Jorge Arango
The promise of computers augmenting our minds has been a long time coming. We're beginning to see better tools for extending human cognition, but good guidebooks for using them have been scarce.
Jorge Arango's new book, Duly Noted, fills this gap elegantly. It shows you how to extend your mind with connected digital notes that capture your thoughts and nourish them in a personal knowledge garden from which you can harvest and share your unique insights.
We talked about:
the motivation for his new book, Duly Noted
how his personal experience with note-taking, the emergence of the digital media, and his background as an information architect converged to inspire his interest in digital networked note-taking
the challenge presented to note-takers by the huge variety of kinds of notes, and his taxonomy of types of notes
some of the history of computers as tools to augment our cognitive capabilities
his concept of the "personal knowledge garden"

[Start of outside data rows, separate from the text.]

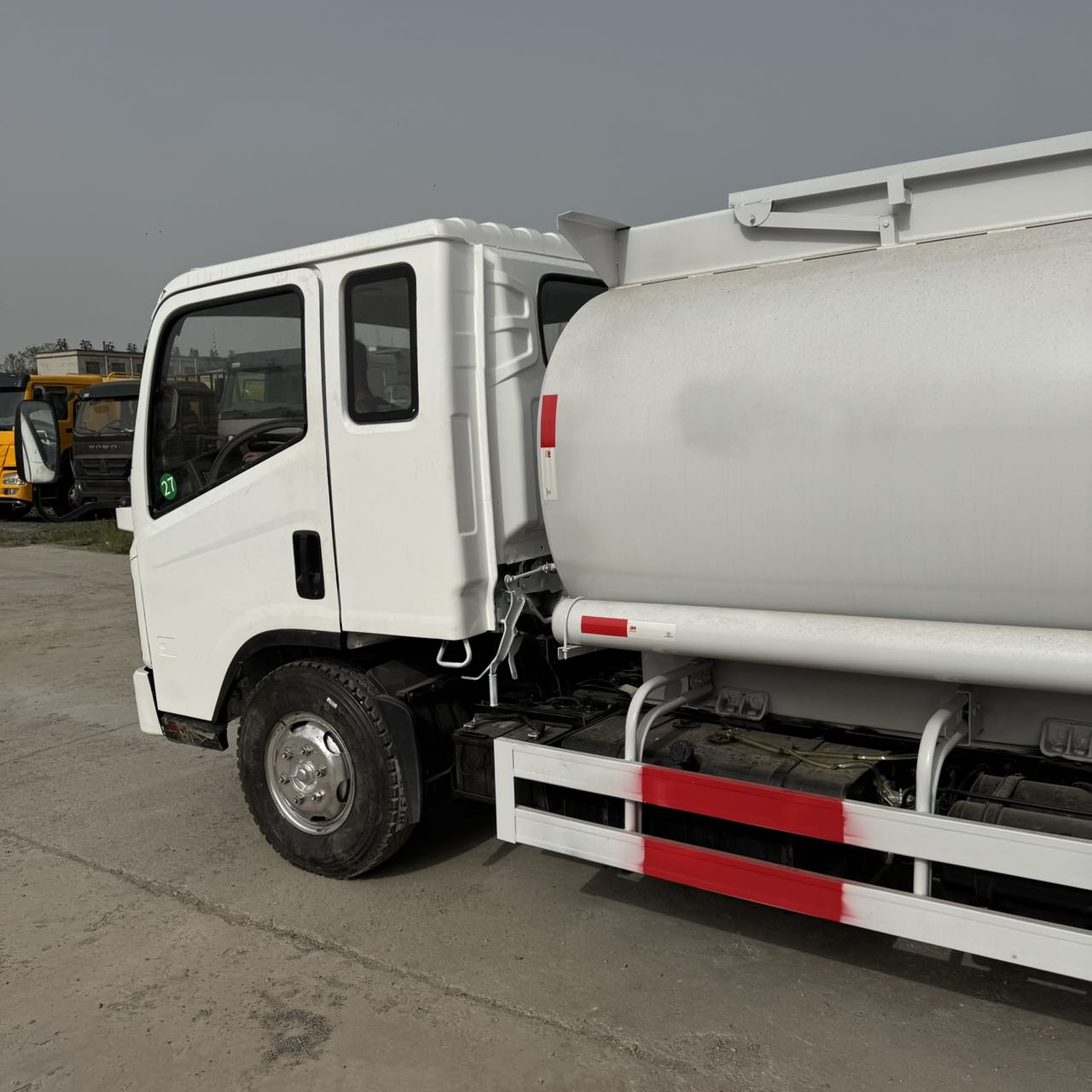 
								JMC 4X2 Water Truck full									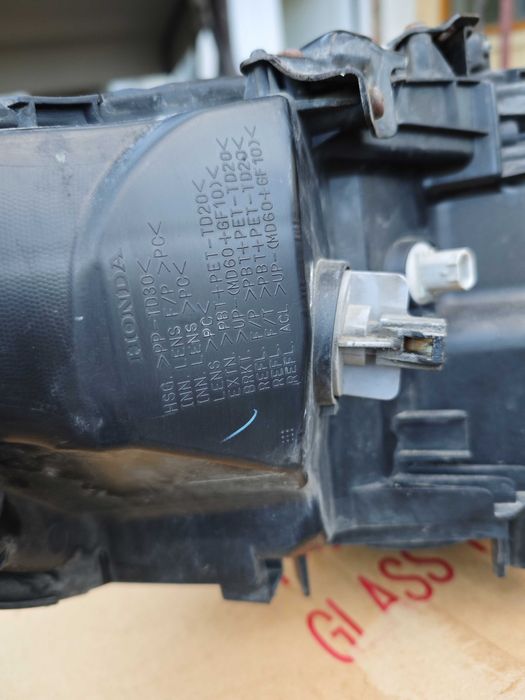 Set faruri cu xenon Honda Accord VIII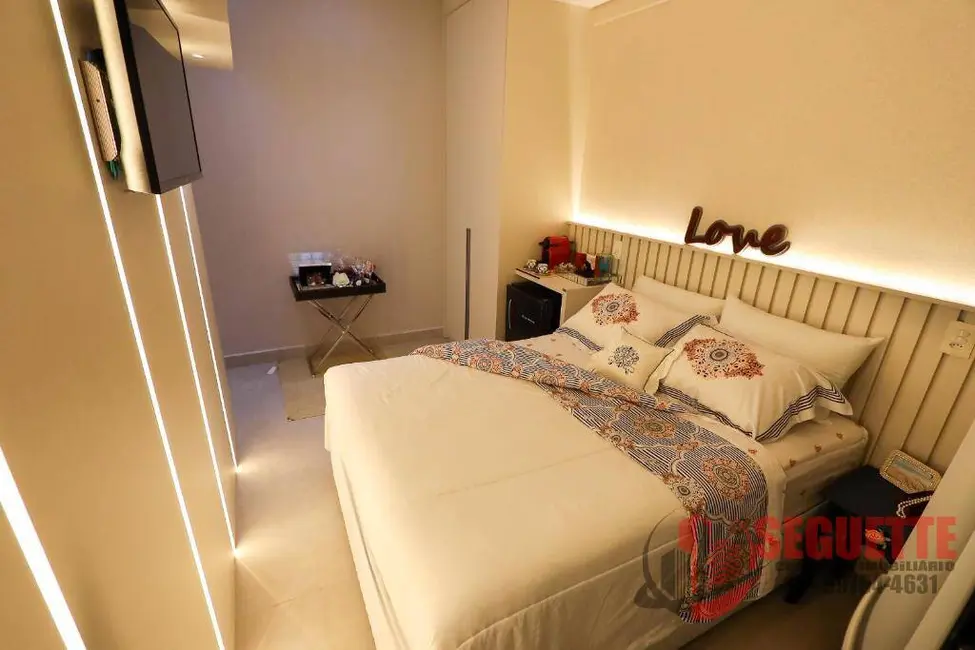 Foto 1 de Apartamento com 1 quarto à venda e para alugar em Riviera de São Lourenço, Bertioga - SP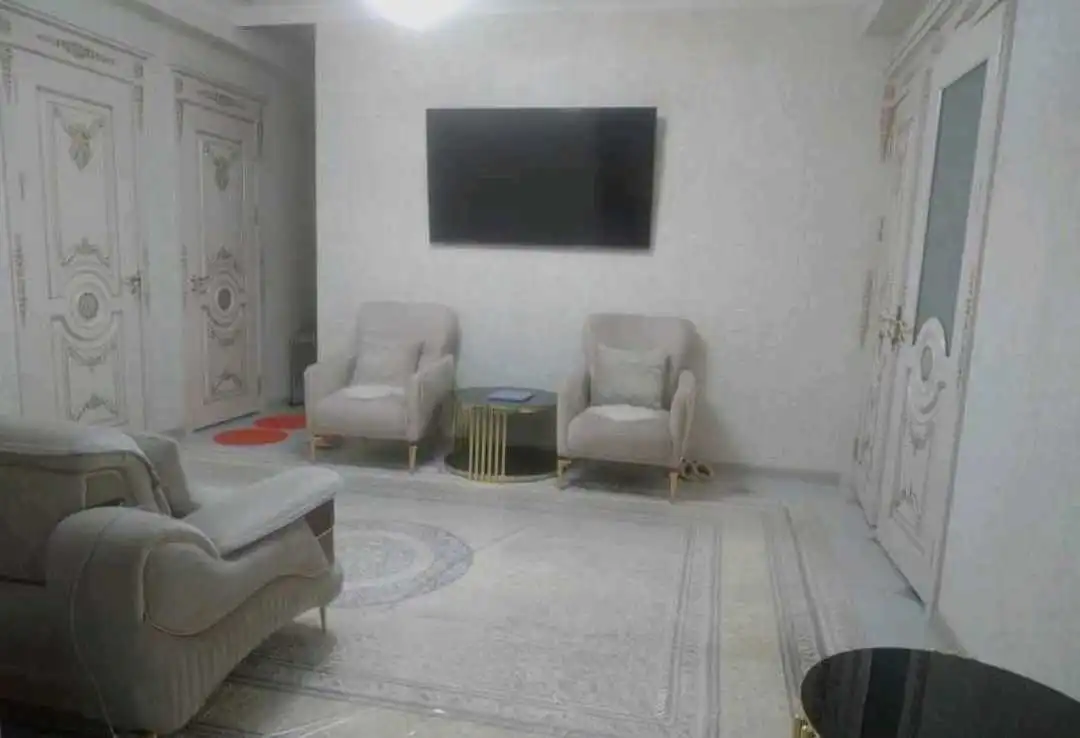 3-к квартира, 8 этаж, 90 м², Исмоил Сомони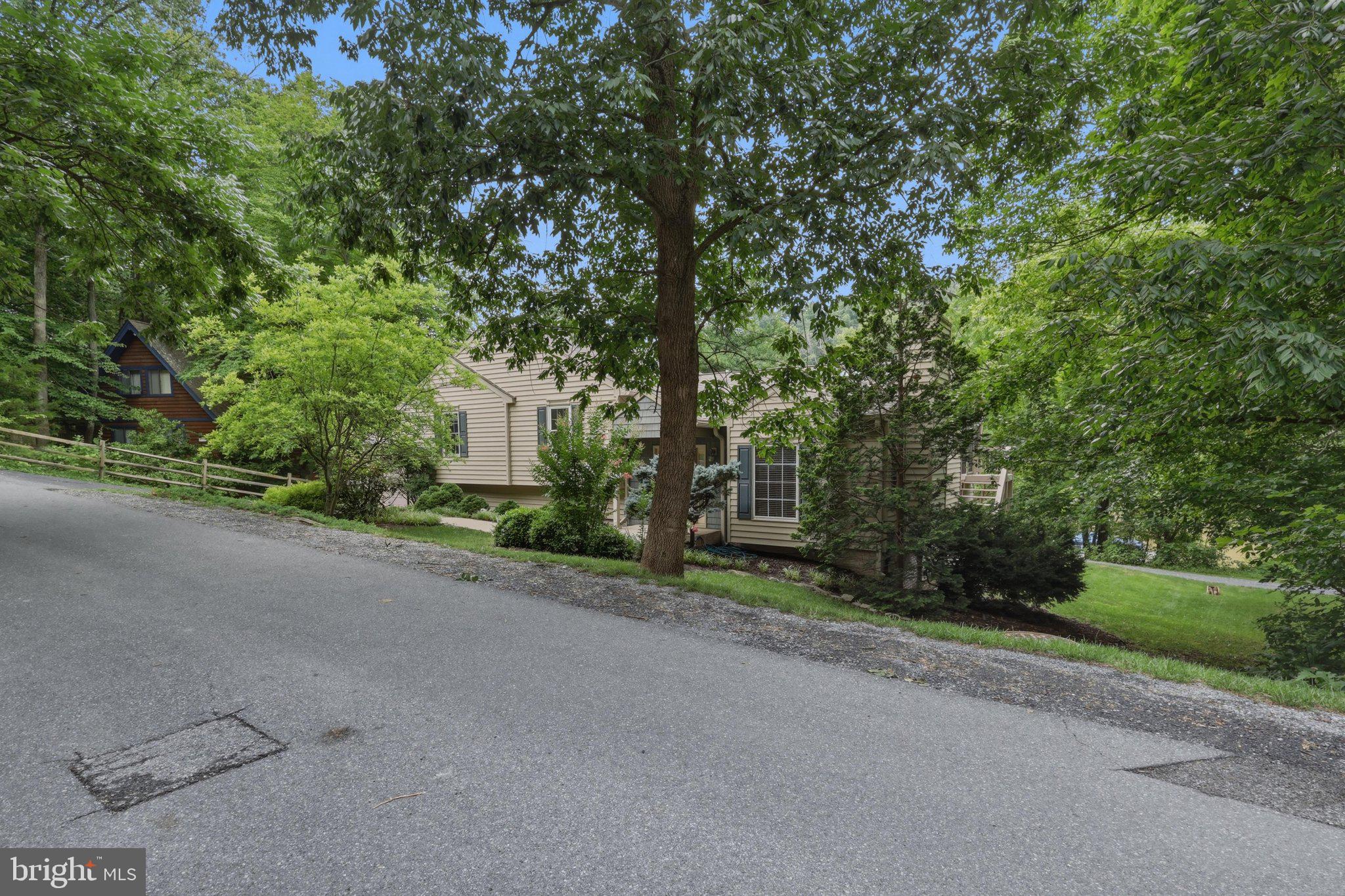 6720 W LAKERIDGE ROAD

his take on Brian Eno's articulation of the differences between architecture and gardening
the differences between thinking spaces and writing spaces
the difference in mental models applied when moving between physical and digital note-taking media
the rise of hypertext-based note-taking tools
how your content-strategy skills around structured content help your note-taking and knowledge gardening
Jorge's bio
Jorge Arango is an information architect, author, and educator. For almost three decades, he has architected digital experiences and made the complex clear for organizations ranging from non-profits to Fortune 500 corporations.
He is the author of Duly Noted: Extend Your Mind Through Connected Notes, Living in Information: Responsible Design for Digital Places and co-author of Information Architecture: For the Web and Beyond, the fourth edition of O'Reilly's celebrated Polar Bear book.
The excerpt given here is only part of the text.